Si le droit de la formation professionnelle a beaucoup évolué ces dernières années, il n'en demeure pas moins que certains litiges, s'élevant sous l'empire de la loi ancienne, posent encore, aujourd'hui, des difficultés importantes à résoudre pour les juges. Ainsi en va-t-il de la question de la qualification du temps passé en formation par le salarié. C'est sur ce problème que la Chambre sociale devait prendre position par un arrêt rendu le 11 juillet 2007. Si la loi accorde bien une faculté aux partenaires sociaux d'exclure certaines périodes de formation de la qualification de temps de travail effectif (1), la Cour de cassation n'entend pas laisser ce pouvoir aller au-delà des limites posées, même de façon imprécise, par le législateur (2).


Résumé

Les actions de prévention et les actions d'acquisition, d'entretien ou de perfectionnement des connaissances, telles qu'envisagées par l'article L. 900-2 du Code du travail (N° Lexbase : L4254HWH), tendent à favoriser ou à permettre l'adaptation des salariés à l'évolution de leurs emplois au sens de l'article L. 932-2 du même Code (N° Lexbase : L6946ACA). Le temps consacré à ces formations constitue, en conséquence, du temps de travail effectif, si bien que les dispositions d'un accord collectif plaçant ces périodes de formation hors du temps de travail sont nulles.

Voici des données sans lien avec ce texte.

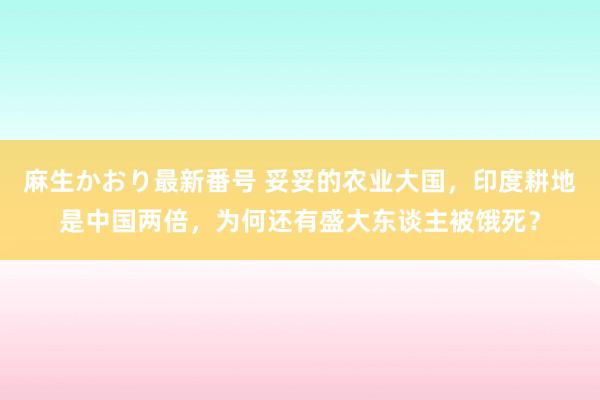 麻生かおり最新番号 妥妥的农业大国，印度耕地是中国两倍，为何还有盛大东谈主被饿死？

1. La faculté accordée à l'accord collectif d'exclure des périodes de formation du temps de travail effectif

  • Une faculté conditionnée au type de formation dispensé

L'article L. 900-2 du Code du travail, dans sa rédaction applicable aux faits de l'espèce, prévoyait six types différents d'actions de formation entrant dans le champ de la formation professionnelle continue. Parmi ces actions, on trouvait, notamment, au 4°, les actions de prévention ayant "pour objet de réduire les risques d'inadaptation de qualification à l'évolution des techniques et des structures des entreprises, en préparant les travailleurs dont l'emploi est menacé à une mutation d'activité" et, au 6°, les actions d'acquisition, d'entretien ou de perfectionnement des connaissances ayant pour objet "d'offrir aux travailleurs, dans le cadre de l'éducation permanente, les moyens d'accéder à la culture, de maintenir ou de parfaire leur qualification et leur niveau culturel ainsi que d'assumer des responsabilités accrues dans la vie associative".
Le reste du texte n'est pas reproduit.